12 April 2021
HRH The Prince Philip, Duke of Edinburgh

Speaking in the House of Commons Shailesh Vara pays tribute to HRH The Prince Philip, Duke of Edinburgh.

Mr Shailesh Vara (North West Cambridgeshire) (Con)

May I start by conveying my condolences and those of my constituents to Her Majesty the Queen and the rest of the royal family? Of Prince Philip’s many achievements, perhaps most visible is the Duke of Edinburgh’s Award scheme, started in 1956. With nearly 7 million participants, including many in my constituency, it has benefited generations of young people, equipping them with skills and giving them confidence and a sense of independence for the rest of their lives.

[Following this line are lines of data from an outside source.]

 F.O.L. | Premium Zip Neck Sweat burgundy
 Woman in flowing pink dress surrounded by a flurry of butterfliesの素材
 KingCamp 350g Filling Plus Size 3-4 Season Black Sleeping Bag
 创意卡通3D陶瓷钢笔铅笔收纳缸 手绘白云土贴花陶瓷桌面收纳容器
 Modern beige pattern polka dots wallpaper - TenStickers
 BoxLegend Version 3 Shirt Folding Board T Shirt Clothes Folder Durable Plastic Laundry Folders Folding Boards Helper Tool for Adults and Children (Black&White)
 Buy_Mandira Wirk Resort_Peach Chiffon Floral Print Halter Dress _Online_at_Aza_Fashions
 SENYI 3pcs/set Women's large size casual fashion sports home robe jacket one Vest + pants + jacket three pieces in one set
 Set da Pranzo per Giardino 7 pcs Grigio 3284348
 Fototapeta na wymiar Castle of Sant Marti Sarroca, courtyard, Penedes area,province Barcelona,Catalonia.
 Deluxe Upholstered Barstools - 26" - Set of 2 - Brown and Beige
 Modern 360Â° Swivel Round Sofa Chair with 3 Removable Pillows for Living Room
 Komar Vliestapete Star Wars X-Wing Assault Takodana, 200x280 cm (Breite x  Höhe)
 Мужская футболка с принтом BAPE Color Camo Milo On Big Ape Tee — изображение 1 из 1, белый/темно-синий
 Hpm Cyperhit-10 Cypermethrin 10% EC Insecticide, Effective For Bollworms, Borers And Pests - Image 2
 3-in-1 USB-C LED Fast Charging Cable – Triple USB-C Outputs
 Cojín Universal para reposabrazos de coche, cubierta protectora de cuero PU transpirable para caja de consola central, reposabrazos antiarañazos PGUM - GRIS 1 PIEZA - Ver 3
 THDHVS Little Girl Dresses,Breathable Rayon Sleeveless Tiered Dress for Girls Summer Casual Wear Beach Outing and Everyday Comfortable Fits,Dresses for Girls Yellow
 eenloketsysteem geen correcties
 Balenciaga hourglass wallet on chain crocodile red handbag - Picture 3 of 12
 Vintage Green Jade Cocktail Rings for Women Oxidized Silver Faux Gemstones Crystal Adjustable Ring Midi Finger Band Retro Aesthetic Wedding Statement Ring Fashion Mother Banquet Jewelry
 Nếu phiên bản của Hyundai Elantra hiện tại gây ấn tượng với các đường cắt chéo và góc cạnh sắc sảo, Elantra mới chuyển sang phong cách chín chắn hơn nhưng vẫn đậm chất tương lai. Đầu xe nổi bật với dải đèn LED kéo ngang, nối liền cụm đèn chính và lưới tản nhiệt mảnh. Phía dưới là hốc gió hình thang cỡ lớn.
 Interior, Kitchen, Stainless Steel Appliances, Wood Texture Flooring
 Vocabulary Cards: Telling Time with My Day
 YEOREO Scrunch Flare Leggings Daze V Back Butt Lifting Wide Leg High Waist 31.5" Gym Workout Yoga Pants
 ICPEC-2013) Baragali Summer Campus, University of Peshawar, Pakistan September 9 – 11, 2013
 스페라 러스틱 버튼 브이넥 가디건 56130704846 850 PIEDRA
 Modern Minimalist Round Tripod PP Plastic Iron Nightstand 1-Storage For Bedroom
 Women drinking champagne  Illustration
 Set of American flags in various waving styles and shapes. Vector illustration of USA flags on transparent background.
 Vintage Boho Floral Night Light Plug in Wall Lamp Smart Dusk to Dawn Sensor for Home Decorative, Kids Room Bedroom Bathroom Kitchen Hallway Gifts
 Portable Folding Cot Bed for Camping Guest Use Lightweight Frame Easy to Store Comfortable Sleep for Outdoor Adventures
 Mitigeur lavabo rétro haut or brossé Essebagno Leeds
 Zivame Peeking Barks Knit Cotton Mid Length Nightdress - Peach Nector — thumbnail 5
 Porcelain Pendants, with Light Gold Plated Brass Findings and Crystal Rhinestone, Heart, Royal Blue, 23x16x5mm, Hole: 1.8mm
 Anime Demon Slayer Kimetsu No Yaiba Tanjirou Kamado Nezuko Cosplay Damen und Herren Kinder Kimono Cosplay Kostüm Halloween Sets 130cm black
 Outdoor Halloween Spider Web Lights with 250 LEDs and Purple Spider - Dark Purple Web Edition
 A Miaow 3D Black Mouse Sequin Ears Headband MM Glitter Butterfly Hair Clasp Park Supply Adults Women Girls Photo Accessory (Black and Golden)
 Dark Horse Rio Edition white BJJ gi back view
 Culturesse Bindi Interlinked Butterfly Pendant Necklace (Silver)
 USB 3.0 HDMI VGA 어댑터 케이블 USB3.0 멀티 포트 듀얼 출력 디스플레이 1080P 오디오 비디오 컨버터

I recently spoke to a lady in her 60s. The daughter of immigrants, brought up in a deprived area, she spoke fondly of her memories of the activities that she undertook as part of the scheme. One memory that she particularly cherished was the opportunity to walk up Mount Snowdon, the highest mountain in Wales. It gave her enormous confidence for the rest of her life, but she made the point that, given her background and her circumstances, she would never have been able to do that were it not for the Duke of Edinburgh’s Award scheme.

On a personal note, like others I had the opportunity to meet Prince Philip on a number of occasions, and on one such occasion, he asked about my background. I told him that I was of Indian origin and born in Uganda. Then we had a conversation, which made it absolutely clear to me that here was a prince who had a real depth of knowledge. He spoke of the expulsion of the Asians from Uganda in 1972. He spoke of the individuals who came to this country with nothing but the clothes on their backs. He spoke of the success that they had made for themselves and their families. Importantly, he spoke of the contribution that these people had made to the UK generally. Here was a prince who made a point of understanding and knowing about all the citizens in the United Kingdom.

The royal family has lost a husband, a father, a grandfather and a great-grandfather. We as a nation, and the Commonwealth and the rest of the world, have lost an extraordinary individual who led an exceptional life. His deeds and achievements and their impact will continue long after we are all gone.